(RECORD EXCERPTS begins)

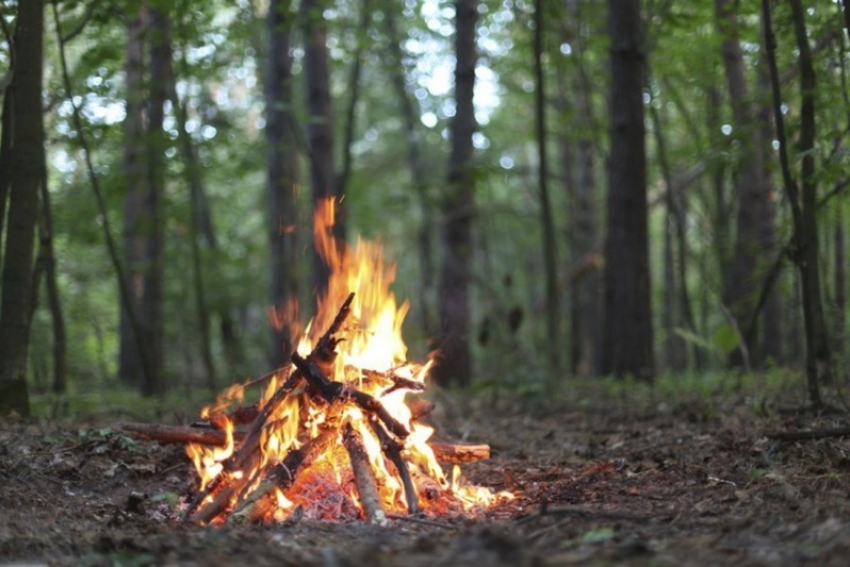 Любителей жарить шашлык в тамбовском лесу ждет штраф: в области объявлен особый противопожарный режим 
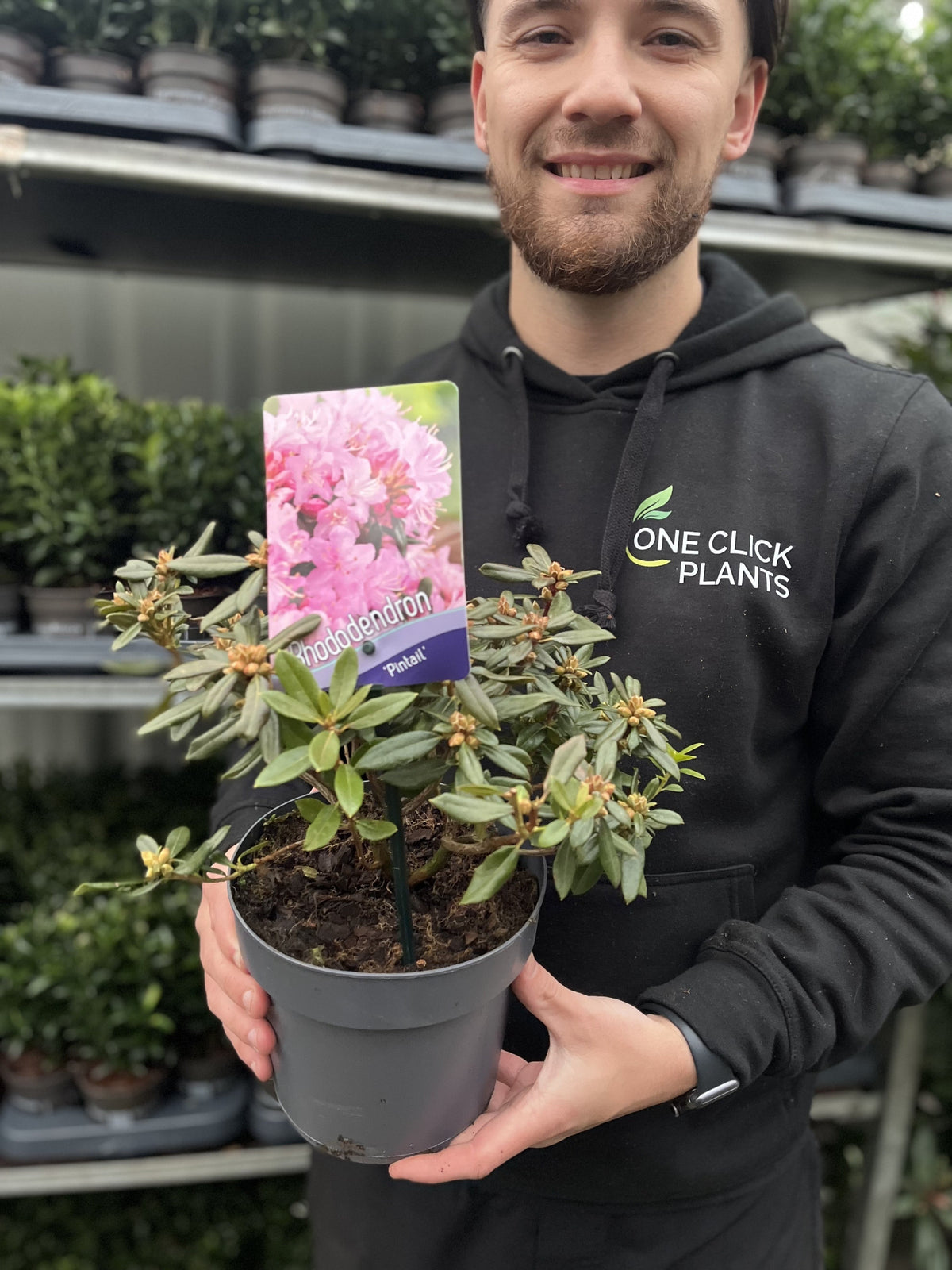 A person in a black One Click Plants hoodie holds an Azalea &#39;Pintail&#39; 1L with a label showing pale pink flowers, with shelves of other evergreen shrubs displayed in the background.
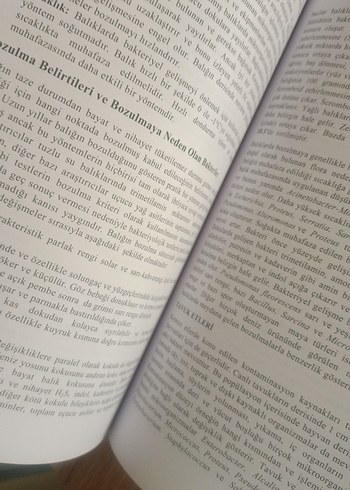 Gıda Mikrobiyolojisi ve  Gıda Kimyası Kitapları - Görsel 10
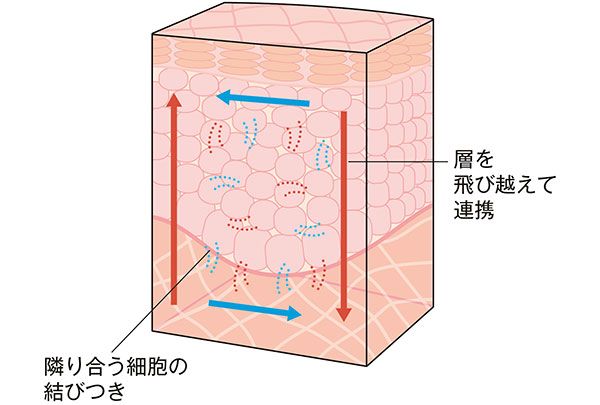 層を飛び越えて連携／隣り合う細胞の結びつき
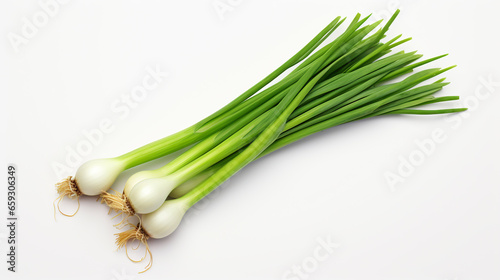 Green onion on neutral background.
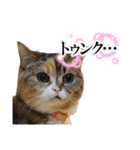 スタンプみあちゃくら（個別スタンプ：14）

(RECORD EXCERPTS ends)

Without including any image, reproduce the full listing above as written.

▶ **ANSWER SECTION**:
 Любителей жарить шашлык в тамбовском лесу ждет штраф: в области объявлен особый противопожарный режим 
 A person in a black One Click Plants hoodie holds an Azalea &#39;Pintail&#39; 1L with a label showing pale pink flowers, with shelves of other evergreen shrubs displayed in the background.
 Gıda Mikrobiyolojisi ve  Gıda Kimyası Kitapları - Görsel 10
 層を飛び越えて連携／隣り合う細胞の結びつき
 Green onion on neutral background.
 スタンプみあちゃくら（個別スタンプ：14）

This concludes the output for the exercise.